Estos convenios o acuerdos pretenden reemplazar las gestiones realizadas por el gremialismo agropecuario y comprometen el accionar serio, constante y continuo de las entidades más representativas que vienen negándose reiteradamente al reclamo indebido de la multinacional por el cobro de las regalías sobre el gen de la soja RR.
La estrategia de acordar con unos pocos, con la sola intención de utilizarlos como arietes formando el marco propicio para generalizar de manera non sancta lo que no le cabe legalmente, parece que en la Argentina ha tomado vigencia. Debo aclarar, entonces, que desde las entidades, y en particular de mi entidad, CARBAP, reconocemos los derechos de los obtentores, y que el pago de los mismos hace al interés nacional ya que son la base para el extraordinario progreso de nuestra agricultura. Asimismo, coincidimos con el secretario de Agricultura, Ganadería, Pesca y Alimentos quien manifiesta que todos los derechos se deben pagar con la adquisición de la semilla. Pero ante la insistencia de la multinacional Monsanto de cobrar por segunda vez los derechos de su gen RR debemos recordar que no existe ninguna deuda ni compensación pendiente entre los productores y Monsanto por su uso ya que la empresa ha recibido por intermedio de los convenios (que mantiene con los obtentores de variedades que se comercializan en la Argentina) las compensaciones que ella ha acordado por el uso del gen.
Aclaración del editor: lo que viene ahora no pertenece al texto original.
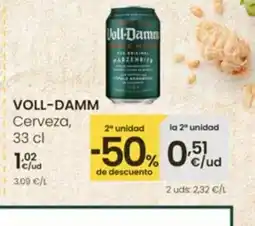 Eroski VOLL-DAMM Cerveza oferta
Además, es nuestro deber volver a mencionar que la ley de semillas 20.247 faculta a los productores al adquirir las variedades que tienen el gen RR la posibilidad de multiplicarlas para su uso propio.


Finalmente debo aclarar que la empresa desde el lanzamiento de las variedades con el gen RR ha fomentado su venta desde el año 1996 como lo pueden demostrar numerosas campañas publicitarias y avisos, y que por lo tanto ha aceptado nuestra legislación vigente. El Estado tiene la obligación de velar por el cumplimiento de la ley, y le corresponde rechazar el desconocimiento de la misma que persistentemente pretende hacer la empresa multinacional. En lo particular y desde mi entidad, CARBAP, que representa a 114 sociedades rurales de Buenos Aires y La Pampa, con más de 30.000 productores agropecuarios, no avalamos los acuerdos que se puedan realizarse individualmente con la multinacional ya que sólo pueden ser tomados como tales y no representan al universo de los productores.

Consideramos que se debe defender la vigencia de la ley 20.247 y apoyar el funcionamiento del INASE para su debido control. La sustentabilidad de la agricultura, su solidez y su crecimiento se ha basado en una impronta única y propia de los innovadores productores agropecuarios argentinos que a la hora de encarar una campaña agrícola, la llevan con honestidad, sacrificio y trabajo. Pero no a cualquier precio.